Techs Advance, Health-Care Stocks Fade

Equities in Canada’s largest market forged out gains to end a week shortened by Family Day, information technology and consumer discretionary stocks providing much of the oomph needed.

The S&P/TSX Composite Index nosed up 12.15 points to end Friday and the week at 16,013.01

The Canadian dollar added 0.46 cents at 76.06 cents U.S.

Tech companies had the loudest roar Friday, as BlackBerry moved ahead 26 cents, or 2.3%, to $11.33, and Shopify strengthened $4.52, or 1.9%, to $240.68.

Magna International rose $2.14, or 3.1%, to $71.62, after quarterly profit beat analysts' estimates as the auto parts maker assembled more vehicles, benefiting from new launches by car makers Jaguar Land Rover and Daimler AG.

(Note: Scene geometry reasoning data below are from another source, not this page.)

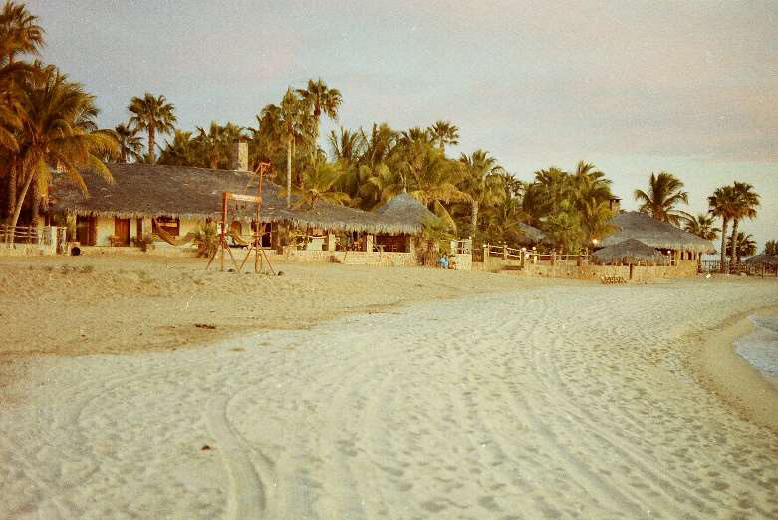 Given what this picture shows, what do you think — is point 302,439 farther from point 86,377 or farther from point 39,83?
point 39,83

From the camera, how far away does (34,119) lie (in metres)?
20.3

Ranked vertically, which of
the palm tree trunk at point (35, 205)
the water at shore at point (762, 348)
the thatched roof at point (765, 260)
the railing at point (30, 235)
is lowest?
the water at shore at point (762, 348)

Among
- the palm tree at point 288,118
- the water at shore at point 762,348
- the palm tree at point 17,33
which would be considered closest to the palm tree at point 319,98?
the palm tree at point 288,118

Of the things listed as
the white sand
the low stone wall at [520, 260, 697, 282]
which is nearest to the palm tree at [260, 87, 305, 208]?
the low stone wall at [520, 260, 697, 282]

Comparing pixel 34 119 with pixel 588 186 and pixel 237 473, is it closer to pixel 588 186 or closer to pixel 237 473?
pixel 237 473

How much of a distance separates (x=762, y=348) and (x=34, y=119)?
22.8 meters

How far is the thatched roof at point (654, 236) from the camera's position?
37.2 metres

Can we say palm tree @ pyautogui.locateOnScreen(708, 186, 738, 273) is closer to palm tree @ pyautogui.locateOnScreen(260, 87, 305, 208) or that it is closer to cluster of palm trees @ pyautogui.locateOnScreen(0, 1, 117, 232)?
palm tree @ pyautogui.locateOnScreen(260, 87, 305, 208)

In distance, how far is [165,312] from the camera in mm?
10156

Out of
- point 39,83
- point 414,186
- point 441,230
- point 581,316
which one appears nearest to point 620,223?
point 414,186

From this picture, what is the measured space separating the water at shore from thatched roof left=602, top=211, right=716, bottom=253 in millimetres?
23946

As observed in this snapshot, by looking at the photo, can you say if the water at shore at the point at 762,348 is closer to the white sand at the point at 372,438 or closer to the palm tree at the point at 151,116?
the white sand at the point at 372,438

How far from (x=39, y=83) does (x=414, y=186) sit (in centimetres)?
1939

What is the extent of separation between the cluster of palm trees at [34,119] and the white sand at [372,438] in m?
16.7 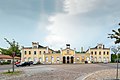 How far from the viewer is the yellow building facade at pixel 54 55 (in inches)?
3740

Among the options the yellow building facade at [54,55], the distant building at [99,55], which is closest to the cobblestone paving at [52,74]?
the yellow building facade at [54,55]

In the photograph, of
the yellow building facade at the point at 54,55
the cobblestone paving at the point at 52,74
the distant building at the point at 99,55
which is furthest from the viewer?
the distant building at the point at 99,55

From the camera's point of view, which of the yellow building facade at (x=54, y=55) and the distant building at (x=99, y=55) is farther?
the distant building at (x=99, y=55)

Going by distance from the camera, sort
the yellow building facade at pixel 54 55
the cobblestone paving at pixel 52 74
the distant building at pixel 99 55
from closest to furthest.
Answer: the cobblestone paving at pixel 52 74, the yellow building facade at pixel 54 55, the distant building at pixel 99 55

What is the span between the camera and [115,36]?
613 inches

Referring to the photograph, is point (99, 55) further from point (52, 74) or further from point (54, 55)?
point (52, 74)

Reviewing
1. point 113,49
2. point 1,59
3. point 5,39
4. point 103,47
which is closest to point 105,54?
point 103,47

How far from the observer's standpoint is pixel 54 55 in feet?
313

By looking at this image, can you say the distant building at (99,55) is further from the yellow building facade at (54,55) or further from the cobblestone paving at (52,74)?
the cobblestone paving at (52,74)

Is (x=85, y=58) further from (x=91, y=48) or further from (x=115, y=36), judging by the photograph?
(x=115, y=36)

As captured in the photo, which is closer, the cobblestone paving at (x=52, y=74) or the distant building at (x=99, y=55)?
the cobblestone paving at (x=52, y=74)

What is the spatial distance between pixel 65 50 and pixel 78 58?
6.85m

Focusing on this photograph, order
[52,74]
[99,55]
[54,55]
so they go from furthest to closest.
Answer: [99,55], [54,55], [52,74]

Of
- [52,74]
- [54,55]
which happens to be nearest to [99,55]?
[54,55] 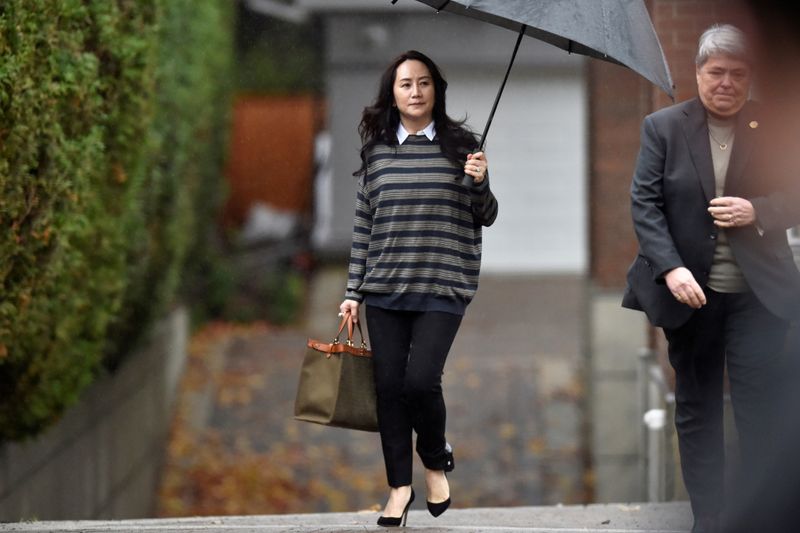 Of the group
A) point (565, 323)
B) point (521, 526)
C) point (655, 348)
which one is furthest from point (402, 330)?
point (565, 323)

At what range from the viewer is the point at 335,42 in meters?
17.7

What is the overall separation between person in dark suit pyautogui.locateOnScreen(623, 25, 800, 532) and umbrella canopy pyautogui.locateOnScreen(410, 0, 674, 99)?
19cm

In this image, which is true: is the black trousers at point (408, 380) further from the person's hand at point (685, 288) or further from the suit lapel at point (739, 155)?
the suit lapel at point (739, 155)

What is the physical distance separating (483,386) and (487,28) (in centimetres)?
670

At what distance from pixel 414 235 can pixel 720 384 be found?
123 cm

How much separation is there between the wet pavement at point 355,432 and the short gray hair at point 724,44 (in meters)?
5.67

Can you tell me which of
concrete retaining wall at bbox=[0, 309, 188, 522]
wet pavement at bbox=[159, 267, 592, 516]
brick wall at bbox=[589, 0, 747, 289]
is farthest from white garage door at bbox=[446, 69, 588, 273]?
brick wall at bbox=[589, 0, 747, 289]

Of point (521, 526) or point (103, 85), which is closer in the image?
point (521, 526)

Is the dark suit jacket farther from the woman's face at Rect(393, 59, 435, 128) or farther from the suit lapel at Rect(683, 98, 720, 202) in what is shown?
the woman's face at Rect(393, 59, 435, 128)

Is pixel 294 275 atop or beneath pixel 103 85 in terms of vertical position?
beneath

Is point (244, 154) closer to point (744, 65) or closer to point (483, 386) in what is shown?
point (483, 386)

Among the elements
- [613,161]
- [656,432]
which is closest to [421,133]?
[656,432]

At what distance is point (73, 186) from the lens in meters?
5.57

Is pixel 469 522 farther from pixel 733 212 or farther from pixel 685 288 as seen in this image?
pixel 733 212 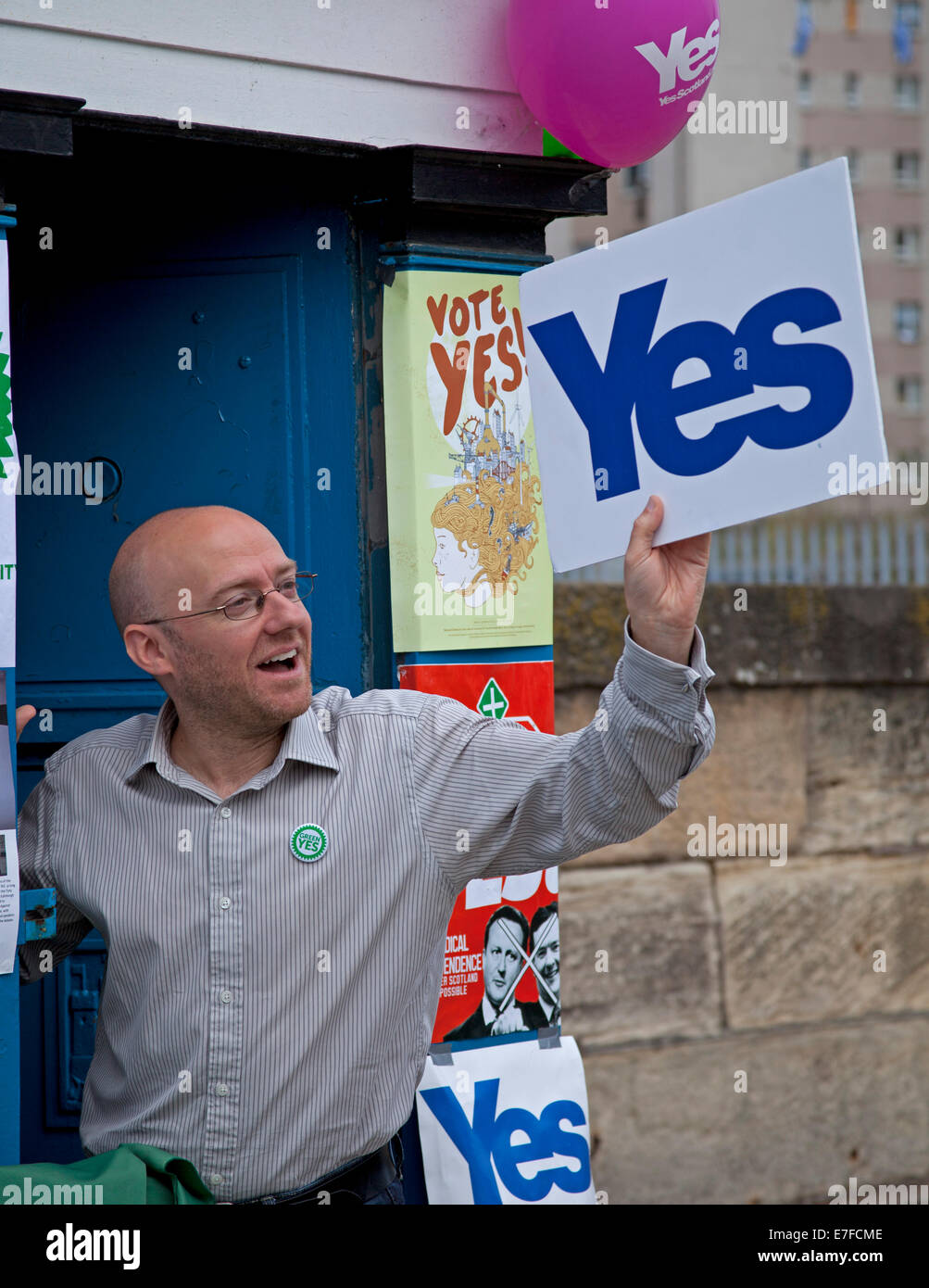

Gildan Activewear jumped $1.12, or 2.5%, to $46.00.

Among materials stocks, First Quantum Minerals climbed 56 cents, or 3.8%, to $15.34, while Agnico Eagle Mines took on nine cents to $57.27.

Health-care stocks took some knocks Friday, with Canopy Growth lost 72 cents, or 1.2%, to $58.69, while Aurora Cannabis shed 16 cents, or 1.7%, to $9.14.

Industrials had a rough time of it, as Air Canada dropped 17 cents to $33.13, while Canadian National Railway hesitated $1.01 to $112.58.

Among consumer staples, Loblaw Companies fell $1.43, or 2.2%, to $64.07, while Empire Company sank three cents to $30.95.

On the economic calendar, Statistics Canada reported retail sales as edged down 0.1% to $50.4 billion in December. Lower sales at gasoline stations were partly offset by higher sales at motor vehicle and parts dealers. Excluding gasoline stations, retail sales increased 0.4%

ON BAYSTREET

The TSX Venture Exchange gained 1.66 points to 623.27

The 12 TSX subgroups split evenly between gainers and losers. Information technology led the former half, picking up 0.9%, while consumer discretionary stocks muscled up 0.7%, and materials were better by 0.4%.

The half-dozen laggards were weighed most by health-care, down 1%, industrials, sliding 0.4%, and consumer staples, off 0.1%.

ON WALLSTREET

Stocks rose on Friday as another round of trade talks between the U.S. and China wrapped up with investors increasingly more hopeful a deal will be struck.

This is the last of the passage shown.